Here it is possible since $1/s-1$ is not integrable in a neighborhood of 1. Why?

here is an sketch of how you could procede. Let f, g be continuous on R such that f~g and $\int_0^\infty$fdx diverges. I will write this integral I in what follows and I$x$ when the upper bound is $x$ instead of + $\infty$. we would like to show that I (f) ~ I (g)

In what follows we have f ~ g at infinity. (I guess you could repeat that proof for an equivalence that holds in another neighborhood)

f ~ g then f (x) = g (x) (1 + h (x)) such that $gh \to0$ when x tends to + infinity (and h tends to $0$ as well).

So you've got I$x$ (f) / I$x$ (g) = 1 + I$x$ (gh) / I$x$ (g) then show that | I$x$ (gh) / I$x$ (g) | tends to $0$ in + infinity

since |I$x$ (gh) / I$x$ (g) | = I$a$ (gh) / I$x$ (g) + I$a-x$ (gh) / Ix (g) then | I$x$ (gh) / I$x$ (g) | $ \leq$ I$a$(gh) / I$x$ (g) + sup (h) on [$a$, x]
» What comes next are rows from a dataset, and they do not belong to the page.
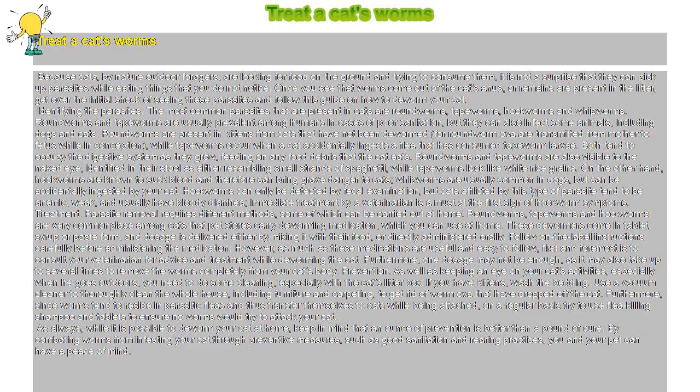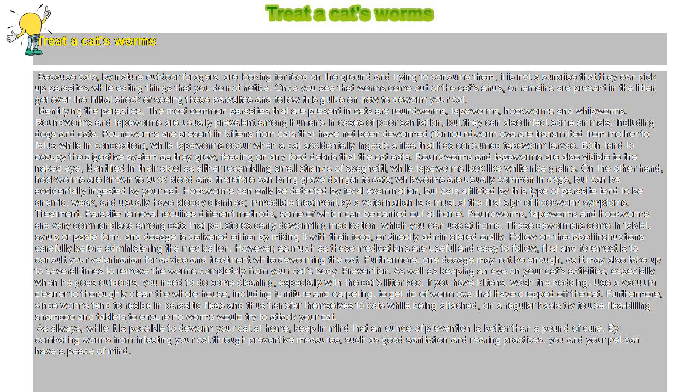Treat a cat's worms. Because cats, by nature outdoor foragers, are looking for food on the ground and trying to consume them, it is not a surprise that they can pick up parasites while eating things that you do not notice.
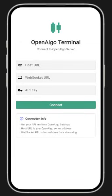Hey everyone, this is Rajendra here. This time we're going to look at another very interesting tool — Open Algo Terminal — which you can run on your Android and iOS devices. I'm going to demonstrate how the Open Algo Terminal works.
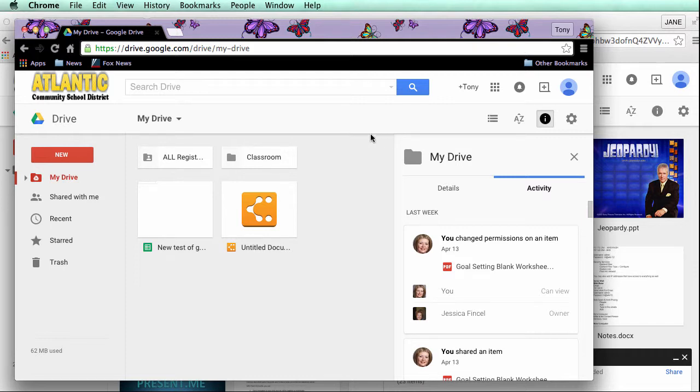If you have any questions you may contact the technology department and we'll be more than happy to help you with backing up your documents into Google Drive. Thank you.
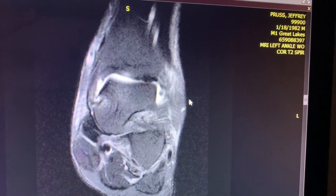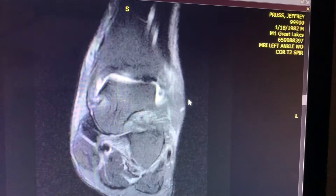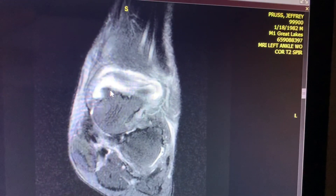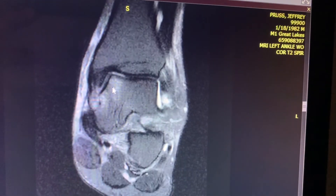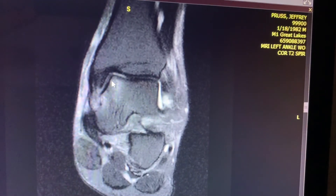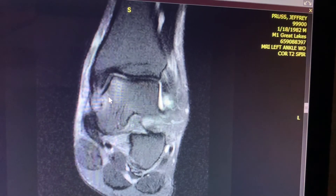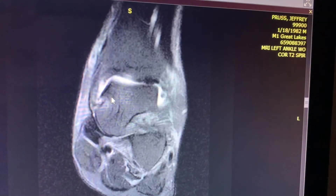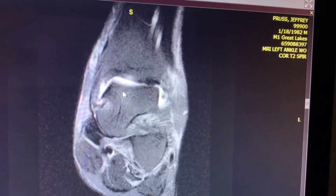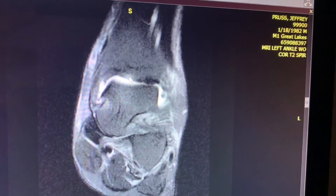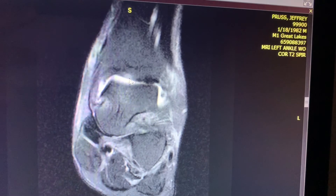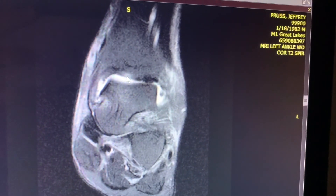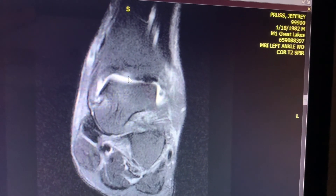This is causing some sort of impingement in the ankle joint, with resultant subchondral marrow edema involving the talus and tiny edema involving the medial end of the tibia.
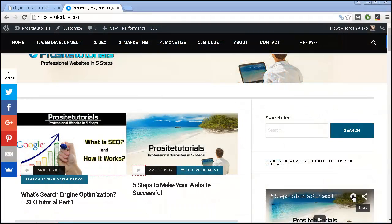Hi there! This is Jeroen Luxo from ProSite Tutorials, where I talk about professional websites in 5 steps. And this is the 6th video for my SEO tutorial!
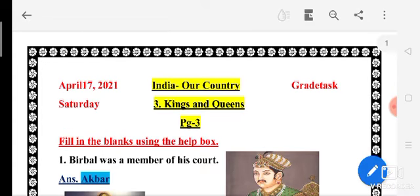Good morning everybody, I hope you all are good. So today let us start GK chapter number 3 on page number 3.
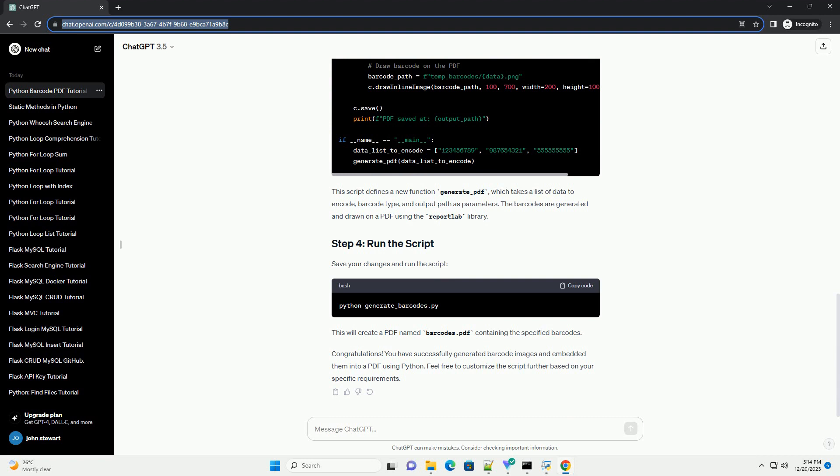Now, let's modify the script to generate a PDF containing multiple barcodes. Add the following code to the generate underscore barcodes dot py file.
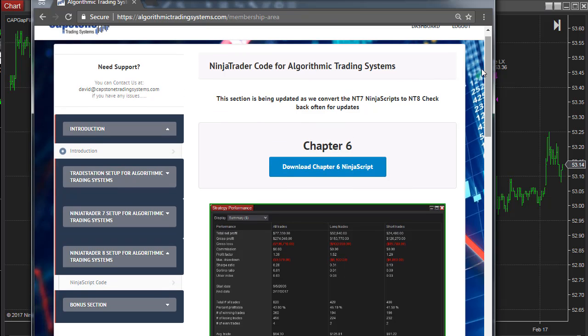We'll be adding additional strategies from the book as we update them. We wanted to set it up so you can download each strategy as soon as it's ready, instead of waiting until we have all the strategies. That's the benefit of the members area.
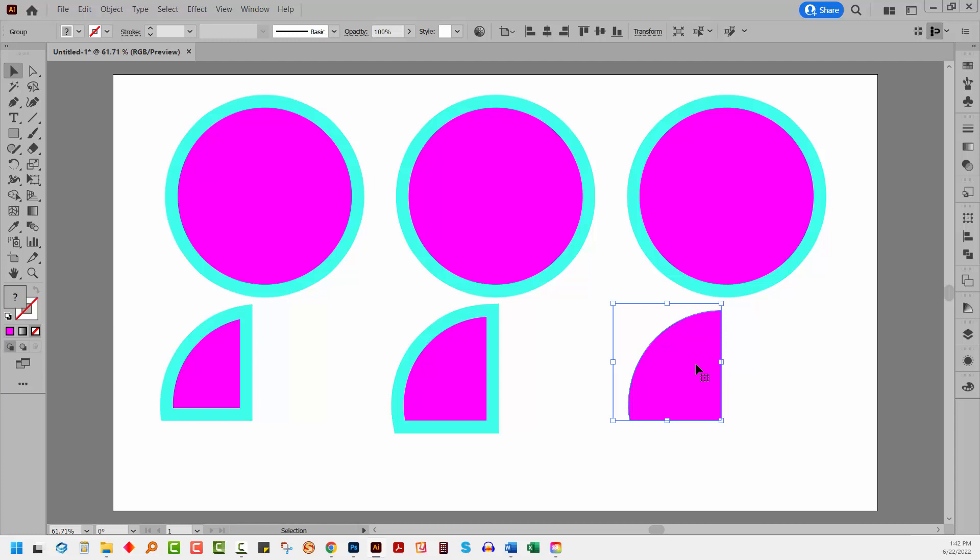This is really easy to fix. You can reapply the stroke to this shape really easily and put it exactly where you want. But it is also an indication of why sometimes when you're following along somebody else's video, the result that you get might be very different to the result that they get. And the reason for this is that your settings might be different.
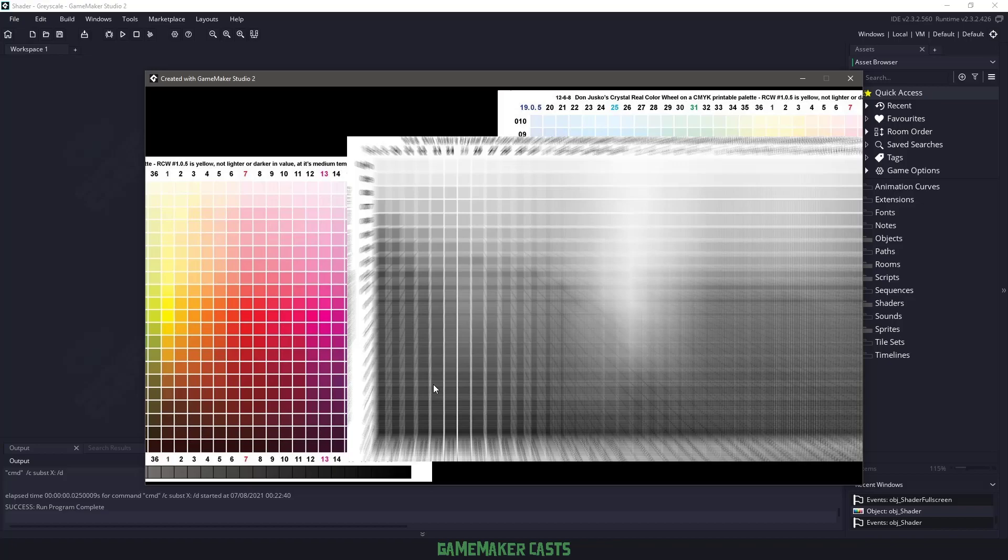Hi everyone, welcome back to GameMakerCast, it's Mickey. In this video we're going to be taking a look at a grayscale shader and actually learning how to combine it with other shaders and how we can clean everything up. So let's roll the introduction and get right into it.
and since h tends to $0$, you can choose $a$ large enough such that $sup (h) \leq \epsilon / 2$

Once $a$ is chosen, since I$a$ (gh) is a number and I$x$ (g) diverges then there exists $x$ large enough such that I$a$ (gh) / I$x$ (g) $\leq \epsilon / 2$. Finally, for $x$ large enough everything is inferior to a certain epsilon, and you can conclude.